_WHAT IS BEING ASKED:_ From the records below, print only the part that opens with the line containing "Beresford & Hicks, London, a" and closes with the line containing "Friendship Blanket hanging"; omit the pictures.

_RECORDS SUPPLIED:_
■ ■ ■ ■ ■ ■ ■

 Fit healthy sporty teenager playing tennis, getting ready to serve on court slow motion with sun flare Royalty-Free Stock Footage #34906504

■ ■ ■ ■ ■ ■ ■

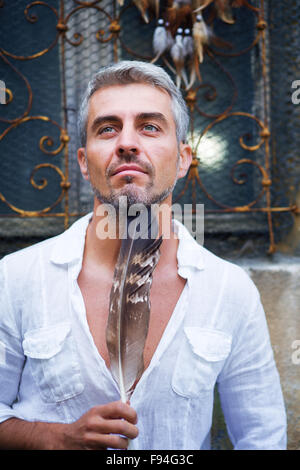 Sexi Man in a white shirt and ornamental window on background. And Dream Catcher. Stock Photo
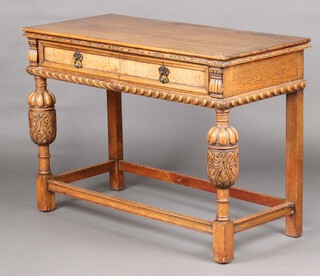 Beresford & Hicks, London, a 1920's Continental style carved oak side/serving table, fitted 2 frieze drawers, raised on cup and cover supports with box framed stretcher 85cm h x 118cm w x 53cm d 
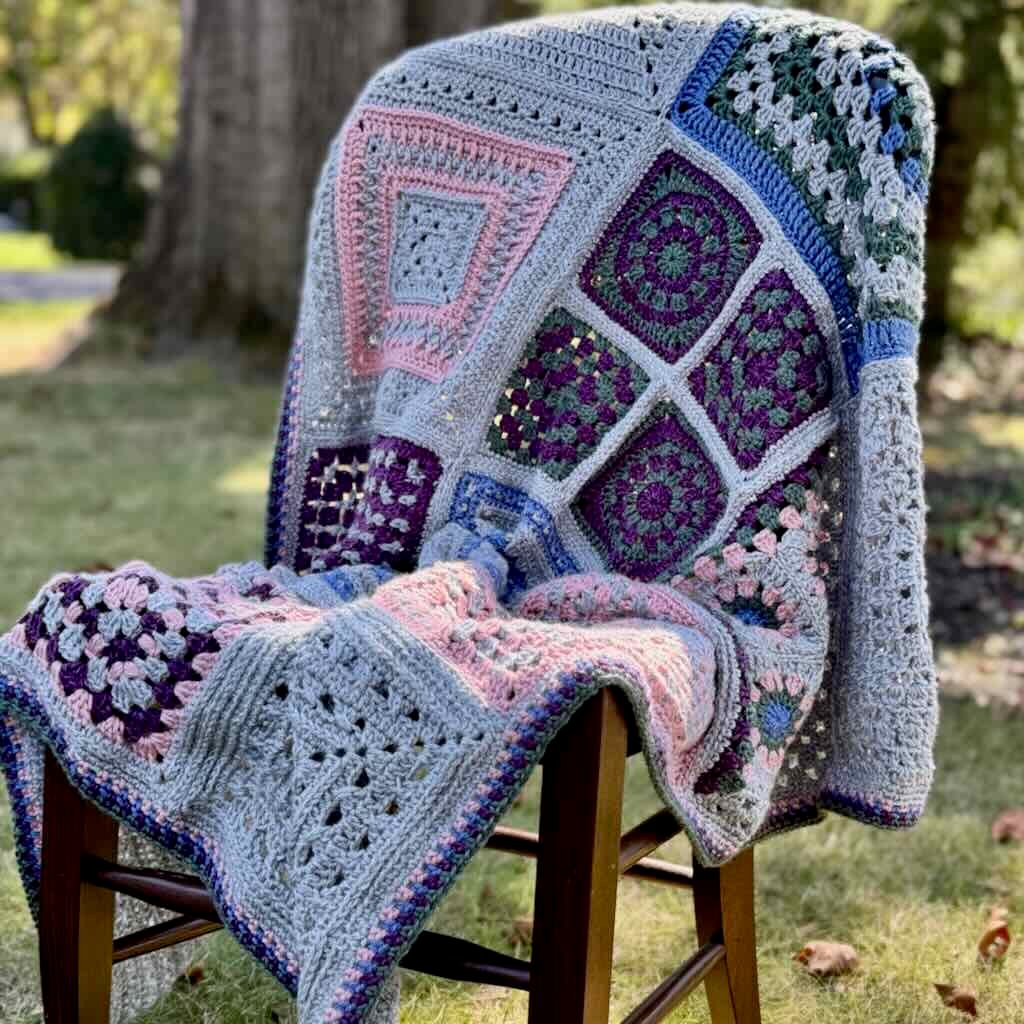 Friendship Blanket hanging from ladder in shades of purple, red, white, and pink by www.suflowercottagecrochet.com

■ ■ ■ ■ ■ ■ ■

_RESULT:_
 Beresford & Hicks, London, a 1920's Continental style carved oak side/serving table, fitted 2 frieze drawers, raised on cup and cover supports with box framed stretcher 85cm h x 118cm w x 53cm d 
 Friendship Blanket hanging from ladder in shades of purple, red, white, and pink by www.suflowercottagecrochet.com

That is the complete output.